Retrieval, Tools, and Agents
When a Model Is Part of a System
core question
When should an AI system remember, search, or act through tools?
you should leave able to
- Separate model parameters from external memory.
- Explain retrieval-augmented generation as search plus synthesis.
- Describe tool use as a system design problem with failure modes.
before moving on
Design a small RAG pipeline and list one retrieval failure, one synthesis failure, and one tool failure.
A language model by itself is a frozen memory and a fluent guesser. Put it inside a system with search, documents, tools, memory, and feedback, and the behavior changes. The model is no longer the whole product. It is the reasoning interface inside a larger machine.
Modern AI applications are often systems, not single models. They retrieve context, call tools, write intermediate state, ask follow-up questions, and verify outputs. This is the engineering layer that turns a foundation model into a useful assistant, tutor, analyst, or coding agent.
The idea
Retrieval-augmented generation
Retrieval-augmented generation, or RAG, gives a model external context at inference time. Instead of asking the model to remember everything, the system searches a document store, inserts relevant passages into the prompt, and asks the model to answer from that context.
RAG helps with freshness, attribution, and private knowledge. It does not solve truth by itself. The retriever can fetch the wrong documents, the prompt can bury the important passage, and the generator can still overstate the answer.
Tools are actions with contracts
A tool call is a structured action: search the web, run code, query a database, send an email, create a calendar event. The model proposes the action, but the system must validate inputs, enforce permissions, log effects, and handle errors.
Agents are loops over this pattern:
- Observe state.
- Decide next action.
- Call a tool or ask a human.
- Read the result.
- Continue or stop.
Lab - Tiny Retrieval
synthesized answer
Retrieval is not memory. It is search over external text, followed by a synthesis step that should stay grounded in what was retrieved.

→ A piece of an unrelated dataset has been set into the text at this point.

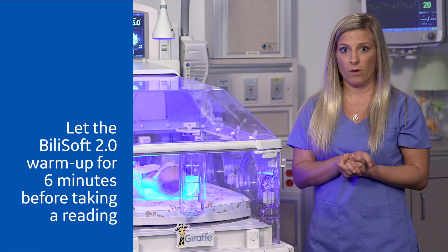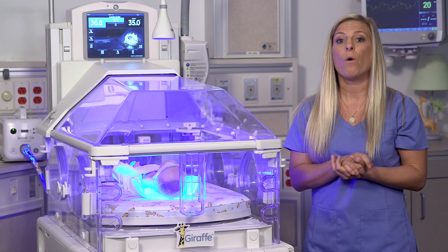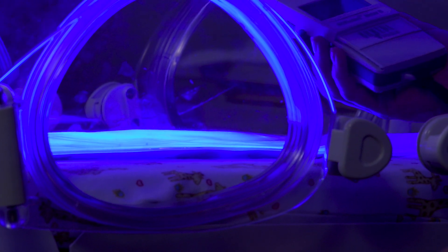While you are waiting six minutes for it to warm up, place the fiber optic light pad on a flat surface. Do not place the fiber optic light pad inside of a BillySoft pad cover or BillySoft Nest at this time. Use a calibrated Billy meter that is approved for the BillySoft 2.0.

The model does not need to store every fact in its parameters. A retrieval system searches external text first, then asks the generator to answer from that evidence. The fragile part is the handoff: poor retrieval creates confident synthesis from the wrong context.
Code version
For the advanced reader → Embeddings are not knowledge bases
Vector search uses embeddings to retrieve semantically similar chunks. Similarity is useful, but it is not proof. A passage can be similar and irrelevant, relevant but incomplete, or correct but outdated. Serious RAG systems need chunking strategy, metadata filters, reranking, citations, freshness checks, and evals.
Work this
System design sketch
Design a course-assistant agent for this ML book. Specify:
- What documents it may retrieve.
- Which tools it may call.
- Which actions require human confirmation.
- How you would evaluate whether it is helping students learn.
Key takeaways
- Foundation models become more useful when embedded in systems.
- RAG retrieves context at inference time but does not guarantee truth.
- Tool calls need validation, permissions, and error handling.
- Agents are loops, so they need budgets and stopping rules.
- System design is part of modern machine learning.
The model is not the whole artifact. The artifact is the loop around it: what it sees, what it can do, what is checked, what is logged, and where humans remain in control.
The final phase turns that loop toward action, reward, alignment, and evaluation.